We did the inevitable but today pretty swift circuit at Elephant & Castle and swept along St George’s Road and not only past the side of the Imperial War Museum but rather grandly along the front so we could fully appreciate the guns and the dome. bathed in autumn leaves amidst the Geraldine Mary Harmsworth Park. William Bligh of the Bounty infamy once lived (and therefore has a Blue Plaque) along here – ‘such a loser’ as Jo says. At this point we headed back to the river, passing the Marine Society from 1756 and arriving alongside the Lambeth Garden History Museum which is one of the more attractive sites of the Albert Embankment that tends to the featureless, be it residential or business. The River is magnificent though and worth the ride. Next bridge along ('Twenty bridges from Tower to Kew, twenty bridges or Twenty Two’) is Vauxhall topped with Mr.Tradescant’s pineapples. Then comes the really scary 6 lane one way system which even the buses would have to brave – only a suicidal cyclist would attempt this I fear: they need their own underpass or bridge?? Dominating Vauxhall also is the MI6 building.
 
Talking of features, still the most ‘stand-out’ one along Nine Elms is Battersea Power Station which from this proximity was looking fragile and decaying – it is a lovely outline on the horizon – perhaps we just need a cut-out and not the real thing?

As already noted it was quiet today but we still did not expect a full size lorry to behave like a white van and do a U-turn in front of us on Battersea Park Road.

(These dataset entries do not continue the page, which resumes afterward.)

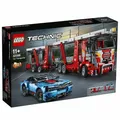 Produktbild: LEGO 42098 Technic Autotransporter - Technik Weihnachten Kinder -  NEU OVP EOL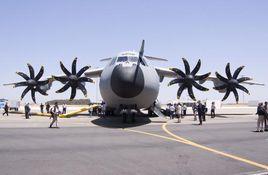 歐洲A400M軍用運輸機 歐洲A400M軍用運輸機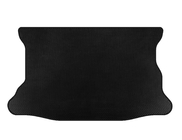 Honda FIT/Jazz 2002–2008 Kofferbakmat (2001-2008, HB, Zwart) foto 1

Strangely an old ILEA school has now bee n taken over by the private sector and is a preparatory and pre-prep school, which tells you something about the gentrification of this area over the last 20-30 years.

Turning away before we reached Battersea Bridge (otherwise this would have been a 5 bridge bus) instead we headed uphill towards Latchmere – the bus was getting pretty busy by now with more passengers – with a range of shops and services going from the beautifully restored George Blunden Almshouses to Barking Betty (hair care for dogs) and the Islamic Cultural Centre which has both a shop front and house converted to Mosque.

A last push uphill and under the railway bridges and there we were at our destination of Clapham Junction, having taken just about the prescribed time – never wildly exciting but plenty to keep one interested in this fairly extensive east to west trip. Always looking polished, The Falcon (pub) keeps the flame of the lost river Falcon flying and reminds us many road routes follow the valleys of even older now lost rivers.